Alternative Unicode conversion table for CCSID 5039

There are several IBM® coded character set identifiers (CCSIDs) for Japanese code pages. CCSID 943 is registered as the Microsoft Japanese Windows Shift-JIS code page. CCSID 5039 contains only Japanese Industry Standard (JIS) characters, and does not have any vendor-defined characters. When using Microsoft ODBC applications, you might encounter potential problems when converting data in CCSID 5039 to Unicode. The problems are the result of differences between IBM's code page conversion table and Microsoft's code page conversion table.

The following list of characters, when converted from CCSID 5039 to Unicode, will result in different code points depending on which conversion table (IBM or Microsoft) is used.
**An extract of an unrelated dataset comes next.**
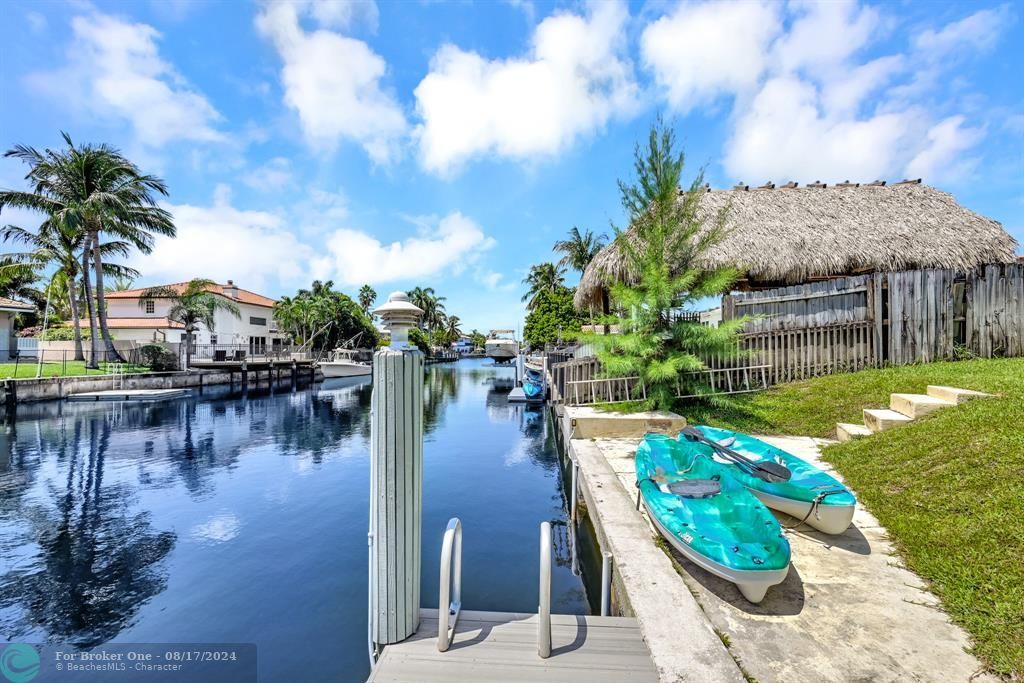 Active With Contract: $1,450,000 (3 beds, 2 baths, 1652 Square Feet)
For these characters, the IBM conversion table conforms to the character names as specified in the Japanese Industry Standard (JIS) JISX0208, and JISX0221.

Table 1. CCSID 5039 to Unicode code point conversion
Shift-JIS code point (character name)	IBM primary code point (Unicode name)	Microsoft primary code point (Unicode name)
X'815C' (EM Dash)	U+2014 (EM Dash)	U+2015 (Horizontal Bar)
X'8160' (Wave Dash)	U+301C (Wave Dash)	U+FF5E (Fullwidth Tilde)
X'8161' (Double vertical line)	U+2016 (Double vertical line)	U+2225 (Parallel To)
X'817C' (Minus sign)	U+2212 (Minus sign)	U+FF0D (Fullwidth hyphen-minus)

For example, the character EM dash with the CCSID 5039 code point of X'815C' is converted to the Unicode code point U+2014 when using the IBM conversion table, but is converted to U+2015 when using the Microsoft conversion table. This can create potential problems for Microsoft ODBC applications because they would treat U+2014 as an invalid code point. To avoid these potential problems, you need to replace the default IBM conversion table from CCSID 5039 to Unicode with the alternate Microsoft conversion table provided by the Db2® database manager.